_DATA SHOWN_
┄┄┄┄┄┄┄┄┄┄

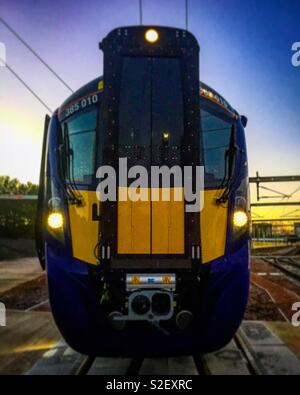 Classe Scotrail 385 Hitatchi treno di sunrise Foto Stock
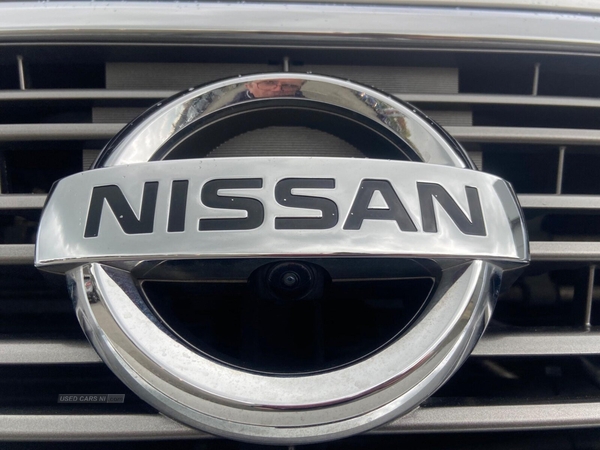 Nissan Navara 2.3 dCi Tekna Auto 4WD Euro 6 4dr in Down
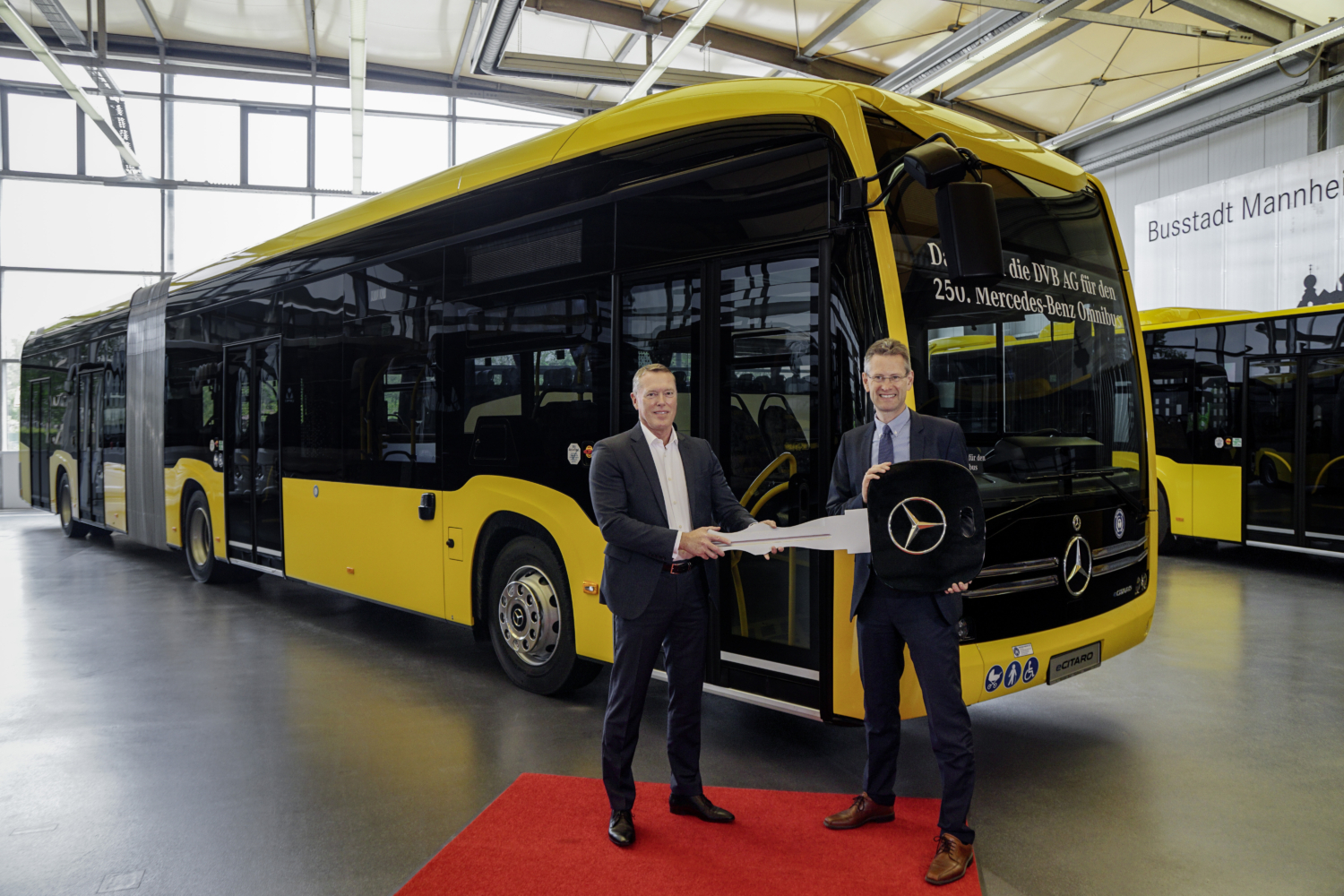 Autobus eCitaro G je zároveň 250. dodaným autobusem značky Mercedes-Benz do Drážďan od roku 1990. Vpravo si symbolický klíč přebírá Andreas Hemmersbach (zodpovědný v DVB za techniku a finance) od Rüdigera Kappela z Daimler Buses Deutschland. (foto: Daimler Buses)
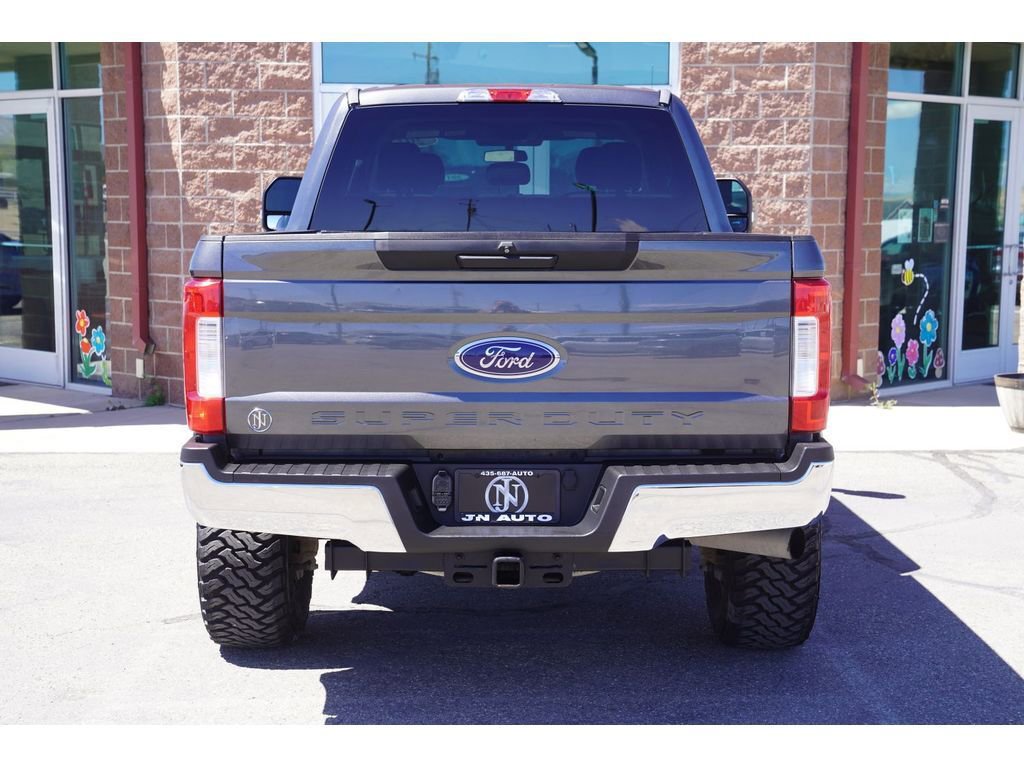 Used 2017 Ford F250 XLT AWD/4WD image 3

┄┄┄┄┄┄┄┄┄┄

_EXERCISE GOAL_
Only the lines from the one with "Autobus eCitaro G" through the last line of the listing belong in your answer; copy them exactly and skip the pictures.

_SOLVED PROBLEM_
 Autobus eCitaro G je zároveň 250. dodaným autobusem značky Mercedes-Benz do Drážďan od roku 1990. Vpravo si symbolický klíč přebírá Andreas Hemmersbach (zodpovědný v DVB za techniku a finance) od Rüdigera Kappela z Daimler Buses Deutschland. (foto: Daimler Buses)
 Used 2017 Ford F250 XLT AWD/4WD image 3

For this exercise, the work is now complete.